NavList:
A Community Devoted to the Preservation and Practice of Celestial Navigation and Other Methods of Traditional Wayfinding
From: Mark Coady
Date: 2016 Jan 30, 19:09 -0800
L-C, while not as chart accurate as GPS, was highly repeatable for those of us who worked with our own recorded coordinate logs. We regularly could exchange and relocate recorded targets or positions with high accuracy based on logs. As a wreck/recovery diver, with well kept recorded Loran C logs, I could find remote wreck targets on the bottom or lobster traps or other dropped target buoys with high reliability.
I am not sure of the advances in electronics that might reduce errors and improve chart positioning from C. Later Loran recievers had preprogrammed corrections for specific geographic regions, the "ASF" automatic secondary factors (which could create confusion in vessel to vessel coordinate exchange if on/off or different).
As a former devotee of Loran C, and someone who witnessed very effective jamming of local GPS reception with simple technology, I am overjoyed to hear that an improved Loran type system might be reinstituted. Interestingly enough, the referenced GPS jam left the Loran C operational.
The shutdown of Loran and the lack of any backup system to GPS I considered a folly, given the number of key activities military and civilian that now rides on the integrity of a vulnerable system.
In my coastal/near coastal experience, I have maintained a religion like commitment to being able to function without it. I know countless examples all through the technological front where long term GPS loss would create at least the potential of serious accidents and substantial confusion.
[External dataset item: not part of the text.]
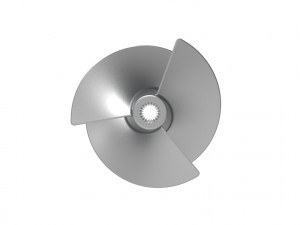 Jet ski propeller 3D Print Model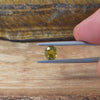 0.99ct Yellow Australian Sapphire Oval Cut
In my now obsolete understanding something like a DGPS terrestrial station broadcast correction on a Loran type system might provide better signal accurizing locally, where chart accuracy is critical. On the civilian front, chart accuracy becomes super critical in piloting waters, less in open sea.
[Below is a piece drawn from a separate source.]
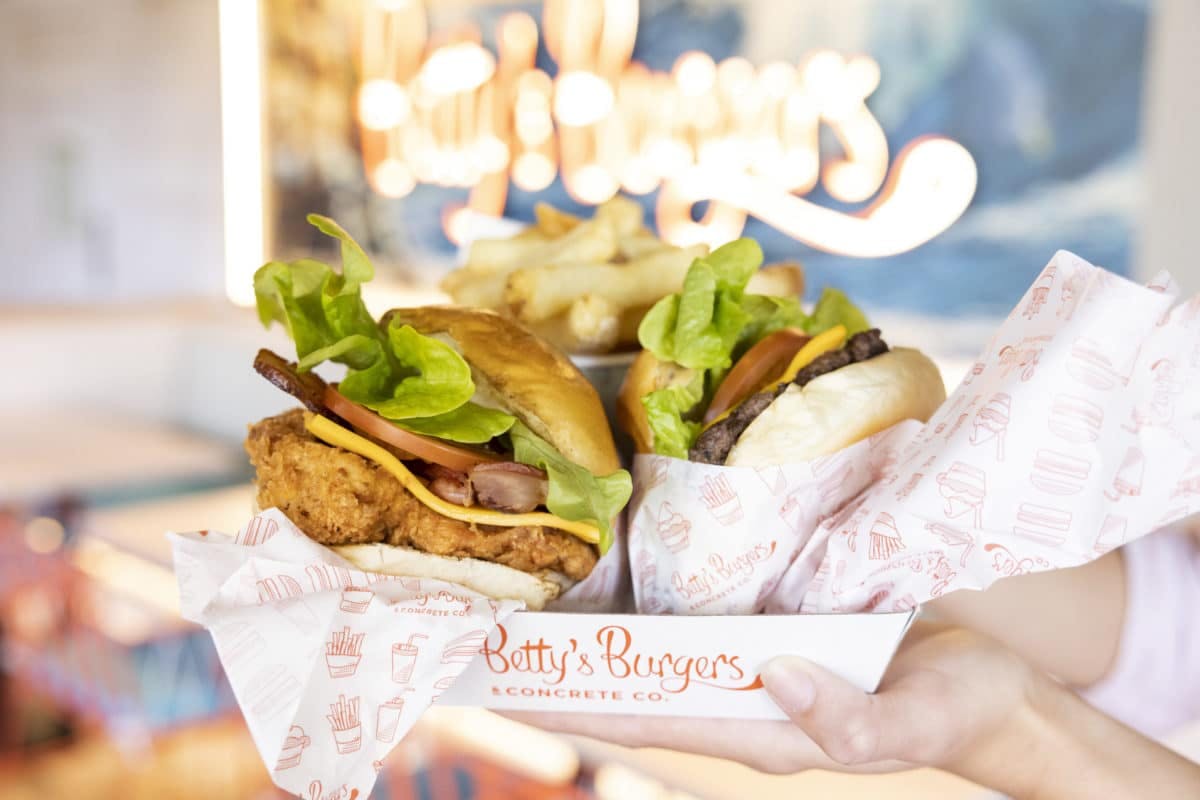 Betty's Burgers Are Coming Soon To Forrest Chase, Perth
Technology is outrunning me daily, so I don't know or claim to know what the limits of an updated system might be. I would also be curious about the signal processing in relation to solar flare interference.
In a purely utilitarian sense, I also miss the quick visual and mental position estimates created by a charted hyperbolic crossing grid.
If GPS was 100% guaranteed, we might make the case that a vessel and pockets full of waterproof GPS recievers would render celestial obsolete. I for one am not ready to go that far. I have embraced celestial for historical and technical interest certainly, but also because it provides continual backup and alternate positioning to GPS. The shutdown of Loran made celestial even more attractive. Its also easier to improvise and calibrate an angle measuring device from wreckage than a GPS reciever.
Pre GPS, I lived sailing a vessel into a port on a down coastal voyage in winter with zero functional electricity (except a flashlight or two) and failed electronic communication, due to serious in-journey electrical damage. If I were in open sea, vs coastal piloting, I would have been very desperate in a desire for celestial skills.
GPS is now available/cheap/reliable, but not infallable.....so I'll hang onto celestial.........and would bless a new E-Loran.